◆ **DATASET SECTION**:
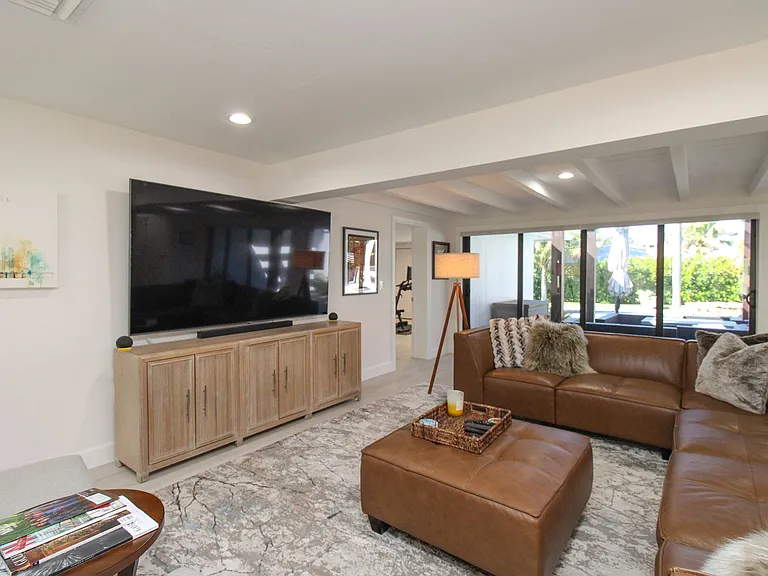 1555 Crayton Rd — Photo 14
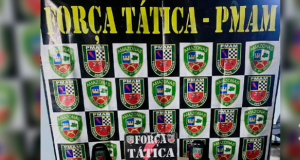 Polícia Militar apreende arma de fogo e munições na zona leste de ManausArma foi encontrada após denúncia anônima de homem armado em beco do bairro Jorge Teixeira. Polícia Militar apreende arma de fogo e munições na zona leste de Manaus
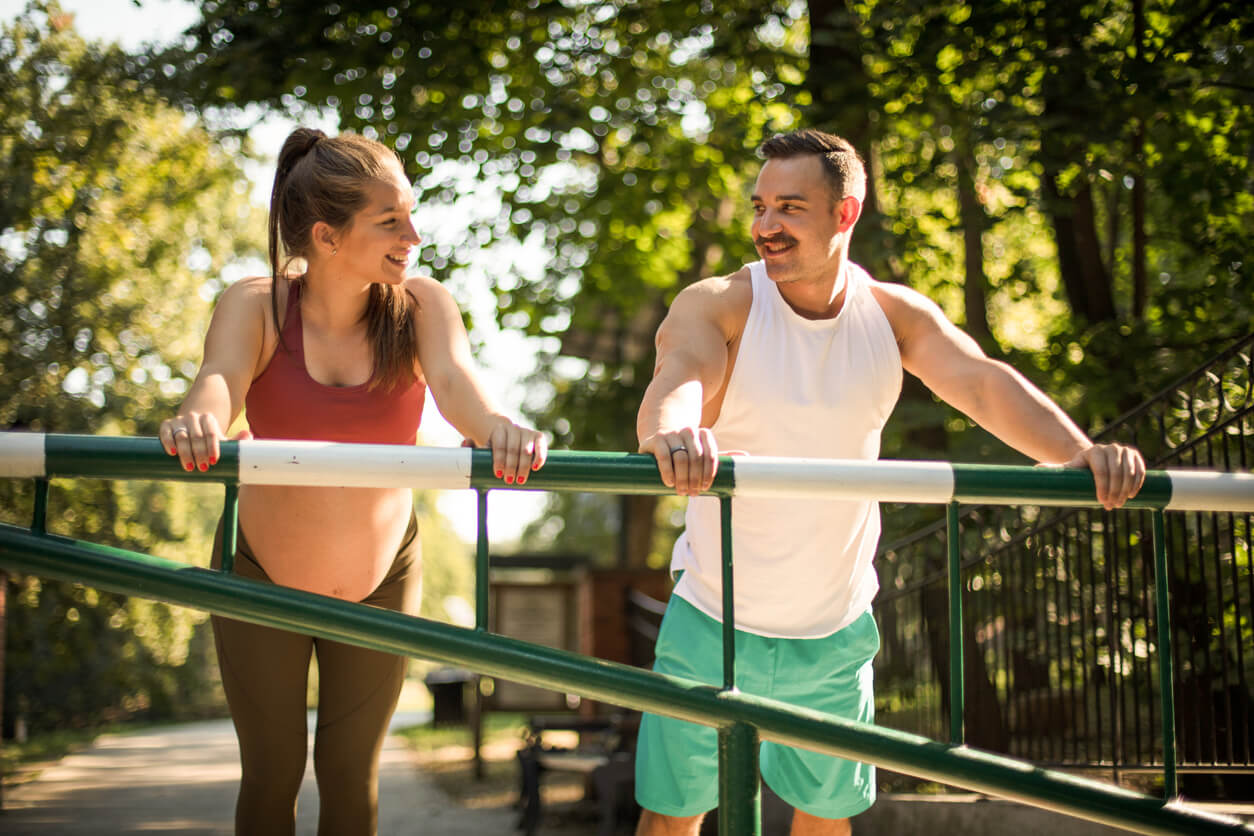 atividade física esporte esportes casal exercícios compartilhados gravidez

◆ **TASK DIRECTIONS**:
Wherever a picture appears in the material above, skip it and copy the rest without change.

◆ **TASK SOLUTION**:
 1555 Crayton Rd — Photo 14
 Polícia Militar apreende arma de fogo e munições na zona leste de ManausArma foi encontrada após denúncia anônima de homem armado em beco do bairro Jorge Teixeira. Polícia Militar apreende arma de fogo e munições na zona leste de Manaus
 atividade física esporte esportes casal exercícios compartilhados gravidez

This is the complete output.